DESCRIPTION (provided by applicant): Autism spectrum disorder (ASD) is a common and debilitating neurodevelopmental disorder. Although there is strong evidence for a genetic contribution to ASD, the isolation of specific causative genetic defects has been difficult. Our previous research has focused on the homeobox transcription factor ENGRAILED 2 (EN2). We have demonstrated consistent association for two intronic EN2 SNPs, rs1861972 and rs1861973, in three separate datasets. These findings determined that EN2 is a likely ASD susceptibility gene. LD mapping and re-sequencing identified the associated A-C rs1861972-rs1816973 haplotype as a candidate disease allele. Functional studies have now demonstrated that the EN2 intron acts a transcriptional repressor and that the A-C haplotype results in a weaker repressor compared to the non-associated G-T haplotype. EMSAs have determined that DNA binding proteins specifically interact with the associated alleles for both SNPs, providing a mechanism for the observed functional difference. These studies have identified the A-C haplotype as the first common risk factor for autism. The goal of this proposal is to generate a mouse model for the EN2 risk allele by using recombinase- mediated genomic replacement (RMGR). RMGR is preferred over standard targeting approaches because large segments of the mouse genome (>100kb) can be replaced with the syntenic human region.
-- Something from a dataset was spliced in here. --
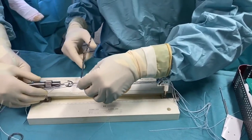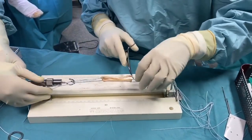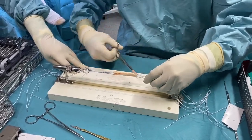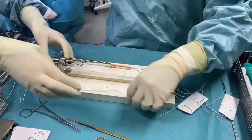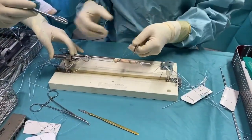The graft is completed by passing the tendon in the loop of each end of the button until a four-strand graft of the desired length is obtained. These strands are strengthened by setting each end of the graft with non-absorbable thread.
This reduces concerns about the proper regulation of the human gene. Our plan is to use RMGR to replace ~72kb of the mouse En2 locus with the syntenic human region and to generate knock-in lines for both the associated A-C and the non-associated G-T haplotypes. An IRES:red fluorescent protein (DsRed-E5/pTIMER) will also be used to modify the EN2 locus so that subtle effects of the risk allele on levels and spatial/temporal expression can be identified. The knock-ins will then be examined to determine the developmental cell types and ages in which the EN2 risk allele is functional. Studies with the En2 knock-out have uncovered anatomical, developmental and neurochemical phenotypes relevant to ASD. The same analysis will be repeated for the knock-ins as a first step in determining the cellular pathways affected by the risk allele. This information will be critical in the development of better diagnoses, treatments and preventions for ASD.
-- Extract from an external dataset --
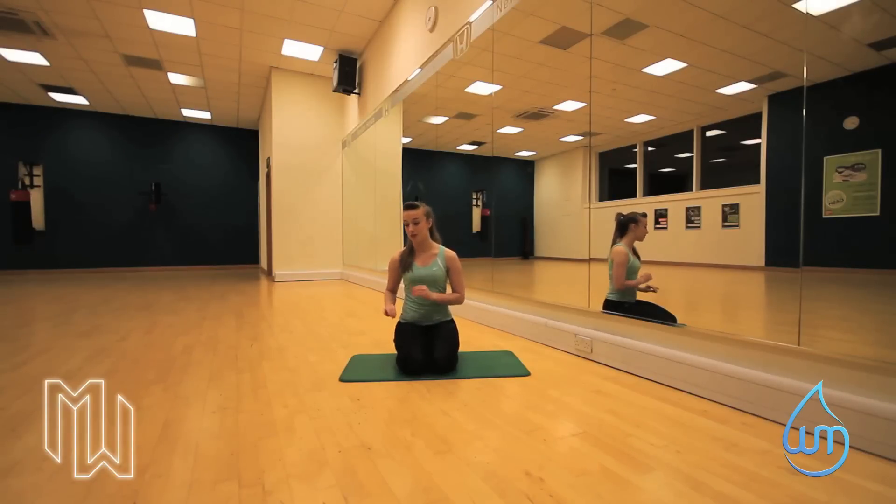Hi, my name is Hannah Maxwell from Maxwell's Personal Training. Today we're going to do another exercise called dorsal raise. Mainly we're working our lower back. If we get it high enough, which you'll see in a minute, we can actually get our glutes as well — so basically the bum.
描述（由申请人提供）：自闭症谱系障碍（ASD）是一种常见的衰弱性神经发育障碍。尽管有强有力的证据表明遗传因素对自闭症谱系障碍有影响，但分离特定的致病遗传缺陷一直很困难。我们之前的研究主要集中在同源盒转录因子ENGRAILED 2 （EN2）上。我们已经在三个独立的数据集中证明了两个内含子EN2 snp rs1861972和rs1861973的一致性关联。这些发现表明EN2很可能是一种ASD易感基因。LD定位和重测序鉴定出相关的a - c rs1861972-rs1816973单倍型作为候选疾病等位基因。功能研究表明，EN2内含子是一种转录抑制因子，而a - c单倍型与不相关的G-T单倍型相比，产生较弱的抑制因子。emsa已经确定DNA结合蛋白特异性地与两个snp的相关等位基因相互作用，为观察到的功能差异提供了一种机制。这些研究已经确定了A-C单倍型是自闭症的第一个常见风险因素。本研究的目的是利用重组酶介导的基因组替代（RMGR）技术建立EN2风险等位基因的小鼠模型。RMGR比标准靶向方法更可取，因为小鼠基因组的大片段（bbb100kb）可以被合成的人类区域取代。这减少了对人类基因适当调控的担忧。我们的计划是使用RMGR将约72kb的小鼠En2基因座替换为人类的同源区域，并为相关的A-C和非相关的G-T单倍型生成敲入系。一个IRES：红色荧光蛋白（DsRed-E5/pTIMER）也将用于修饰EN2位点，以便识别风险等位基因对水平和空间/时间表达的微妙影响。然后对敲入基因进行检查，以确定EN2风险等位基因发挥功能的发育细胞类型和年龄。对En2基因敲除的研究揭示了与ASD相关的解剖学、发育和神经化学表型。作为确定受风险等位基因影响的细胞途径的第一步，将对敲入基因重复进行相同的分析。这一信息对于更好地诊断、治疗和预防自闭症谱系障碍至关重要。